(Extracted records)
· · · · ·

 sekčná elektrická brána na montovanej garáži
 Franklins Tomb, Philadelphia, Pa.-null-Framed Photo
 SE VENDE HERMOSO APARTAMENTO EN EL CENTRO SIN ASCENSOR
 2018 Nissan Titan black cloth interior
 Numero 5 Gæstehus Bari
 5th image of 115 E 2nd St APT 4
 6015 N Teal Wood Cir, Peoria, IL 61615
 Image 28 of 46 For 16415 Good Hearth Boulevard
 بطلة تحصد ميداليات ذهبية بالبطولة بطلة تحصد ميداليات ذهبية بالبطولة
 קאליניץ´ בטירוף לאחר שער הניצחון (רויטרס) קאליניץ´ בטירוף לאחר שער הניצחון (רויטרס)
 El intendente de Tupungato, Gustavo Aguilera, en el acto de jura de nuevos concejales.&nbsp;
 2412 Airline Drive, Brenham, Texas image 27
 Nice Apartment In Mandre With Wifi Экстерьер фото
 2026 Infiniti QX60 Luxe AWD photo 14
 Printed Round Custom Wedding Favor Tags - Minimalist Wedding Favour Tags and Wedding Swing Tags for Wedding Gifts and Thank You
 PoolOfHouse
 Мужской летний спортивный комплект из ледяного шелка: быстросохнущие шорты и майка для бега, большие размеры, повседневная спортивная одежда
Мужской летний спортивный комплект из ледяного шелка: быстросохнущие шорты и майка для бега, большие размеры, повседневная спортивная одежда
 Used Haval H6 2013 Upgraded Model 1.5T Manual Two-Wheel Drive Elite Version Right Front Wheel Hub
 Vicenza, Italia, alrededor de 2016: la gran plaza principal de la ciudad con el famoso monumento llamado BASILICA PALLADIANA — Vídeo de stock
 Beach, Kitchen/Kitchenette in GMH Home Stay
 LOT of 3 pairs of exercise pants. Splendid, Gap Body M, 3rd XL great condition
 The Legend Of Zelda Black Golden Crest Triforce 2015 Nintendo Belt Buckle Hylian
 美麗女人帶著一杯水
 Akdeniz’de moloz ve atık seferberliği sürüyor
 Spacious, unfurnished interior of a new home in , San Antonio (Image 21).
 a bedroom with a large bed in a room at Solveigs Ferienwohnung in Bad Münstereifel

· · · · ·

What the task asks
Copy out every line of the entries where the string "interior" shows up.

Answer to this problem
 2018 Nissan Titan black cloth interior
 Spacious, unfurnished interior of a new home in , San Antonio (Image 21).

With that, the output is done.